[Opening Material shown section]

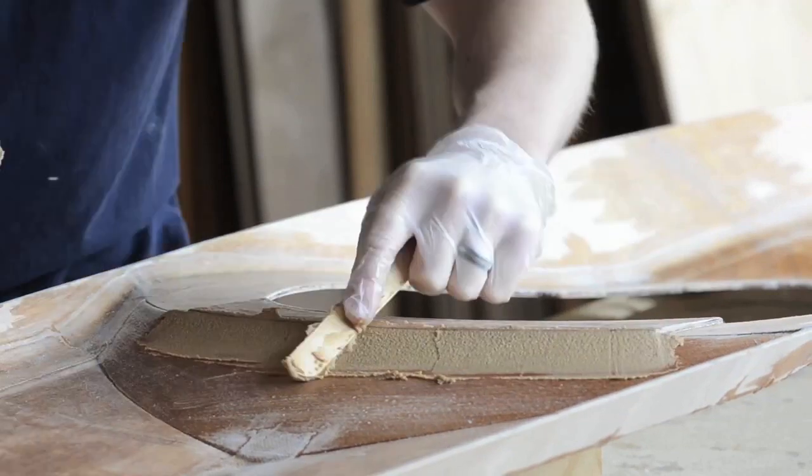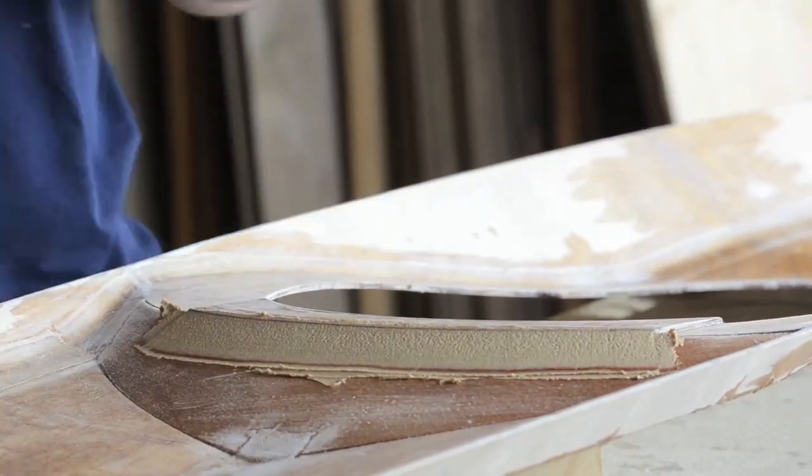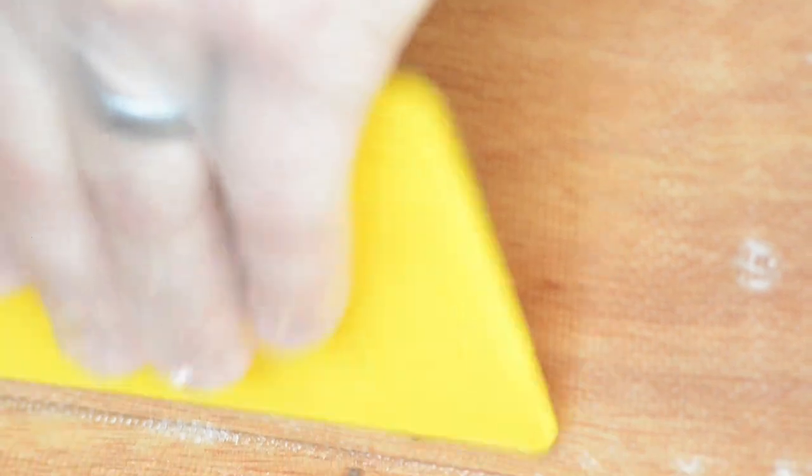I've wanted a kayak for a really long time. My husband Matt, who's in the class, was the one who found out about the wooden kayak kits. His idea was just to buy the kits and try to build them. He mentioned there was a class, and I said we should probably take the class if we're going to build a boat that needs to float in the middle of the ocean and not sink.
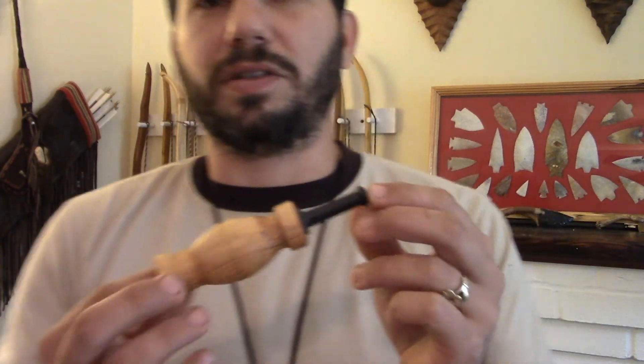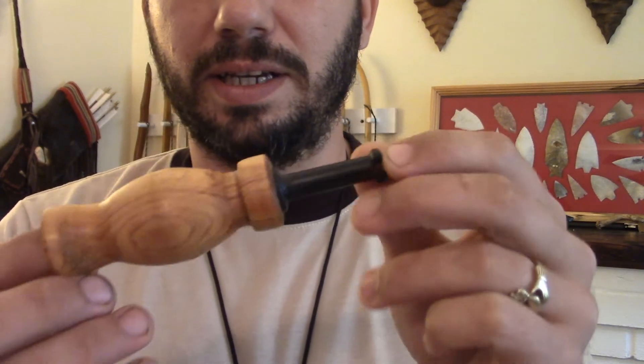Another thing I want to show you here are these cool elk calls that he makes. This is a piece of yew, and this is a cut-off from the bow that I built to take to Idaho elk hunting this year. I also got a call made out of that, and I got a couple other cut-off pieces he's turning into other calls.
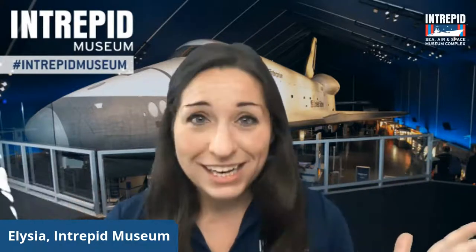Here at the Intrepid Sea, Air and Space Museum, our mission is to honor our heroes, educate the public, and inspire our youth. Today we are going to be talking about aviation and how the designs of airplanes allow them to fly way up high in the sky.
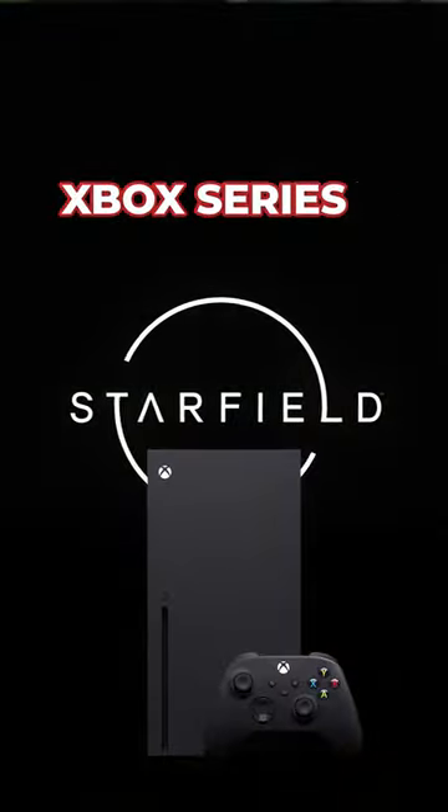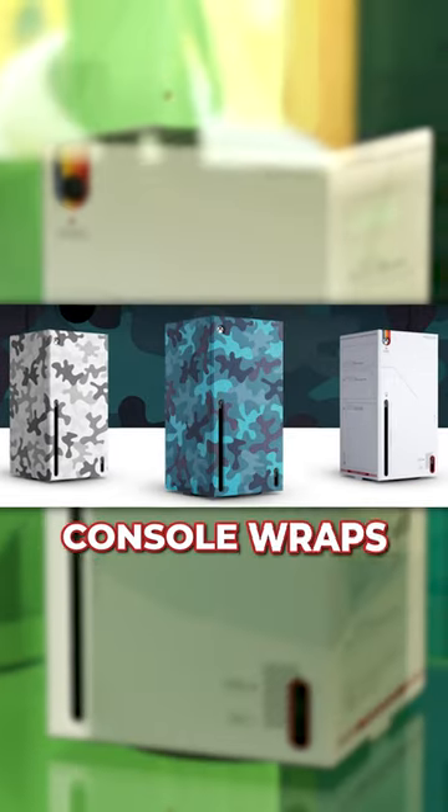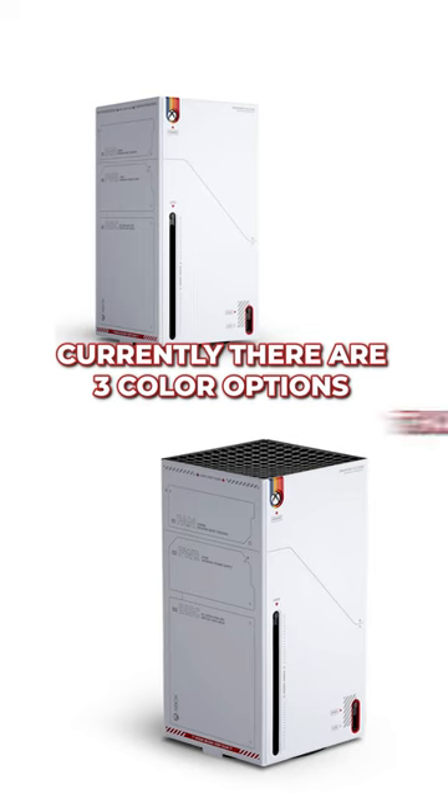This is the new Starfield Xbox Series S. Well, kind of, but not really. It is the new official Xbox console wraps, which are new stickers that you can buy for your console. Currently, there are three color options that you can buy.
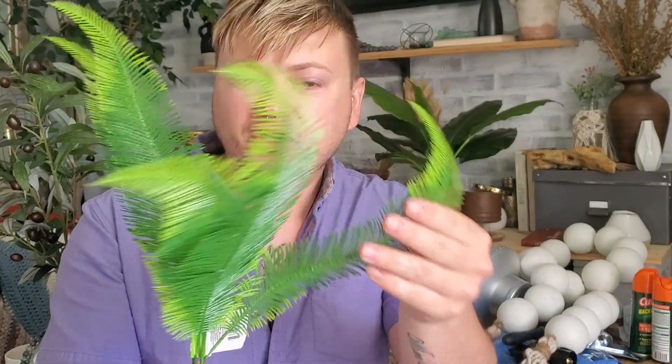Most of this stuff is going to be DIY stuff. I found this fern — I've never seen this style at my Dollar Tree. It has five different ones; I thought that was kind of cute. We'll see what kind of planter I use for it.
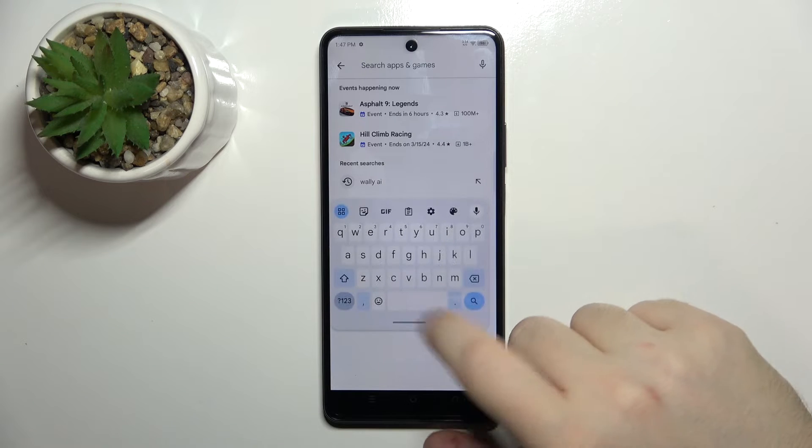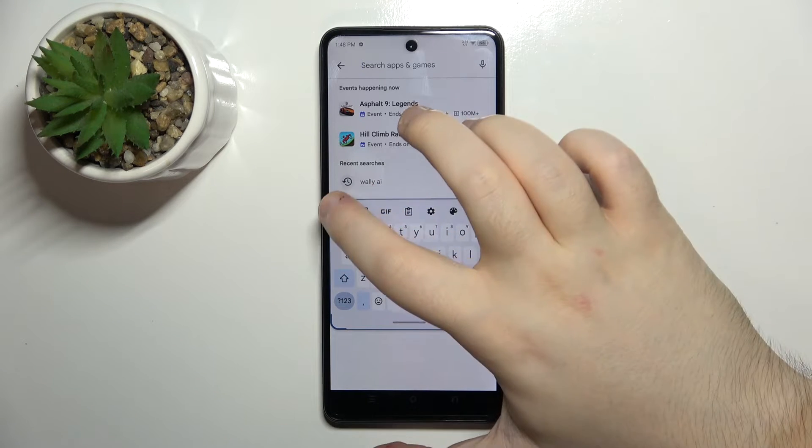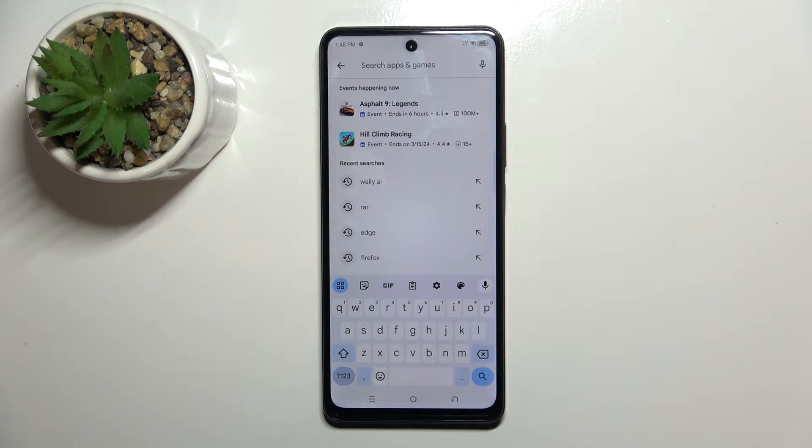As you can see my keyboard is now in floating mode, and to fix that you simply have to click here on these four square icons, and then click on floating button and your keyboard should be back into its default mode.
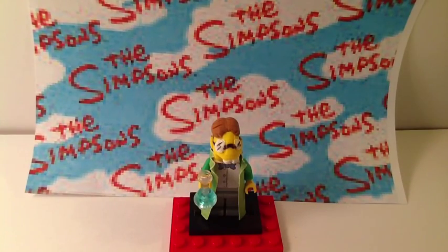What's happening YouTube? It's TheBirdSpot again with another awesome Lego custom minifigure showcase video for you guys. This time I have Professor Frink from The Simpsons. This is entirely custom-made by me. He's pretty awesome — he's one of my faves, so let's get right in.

[Closing Material shown section]

What this task involves:
Go through the entries above and print each one exactly, minus the pictures.

Response to the exercise:
I've wanted a kayak for a really long time. My husband Matt, who's in the class, was the one who found out about the wooden kayak kits. His idea was just to buy the kits and try to build them. He mentioned there was a class, and I said we should probably take the class if we're going to build a boat that needs to float in the middle of the ocean and not sink.
Another thing I want to show you here are these cool elk calls that he makes. This is a piece of yew, and this is a cut-off from the bow that I built to take to Idaho elk hunting this year. I also got a call made out of that, and I got a couple other cut-off pieces he's turning into other calls.
Here at the Intrepid Sea, Air and Space Museum, our mission is to honor our heroes, educate the public, and inspire our youth. Today we are going to be talking about aviation and how the designs of airplanes allow them to fly way up high in the sky.
This is the new Starfield Xbox Series S. Well, kind of, but not really. It is the new official Xbox console wraps, which are new stickers that you can buy for your console. Currently, there are three color options that you can buy.
Most of this stuff is going to be DIY stuff. I found this fern — I've never seen this style at my Dollar Tree. It has five different ones; I thought that was kind of cute. We'll see what kind of planter I use for it.
As you can see my keyboard is now in floating mode, and to fix that you simply have to click here on these four square icons, and then click on floating button and your keyboard should be back into its default mode.
What's happening YouTube? It's TheBirdSpot again with another awesome Lego custom minifigure showcase video for you guys. This time I have Professor Frink from The Simpsons. This is entirely custom-made by me. He's pretty awesome — he's one of my faves, so let's get right in.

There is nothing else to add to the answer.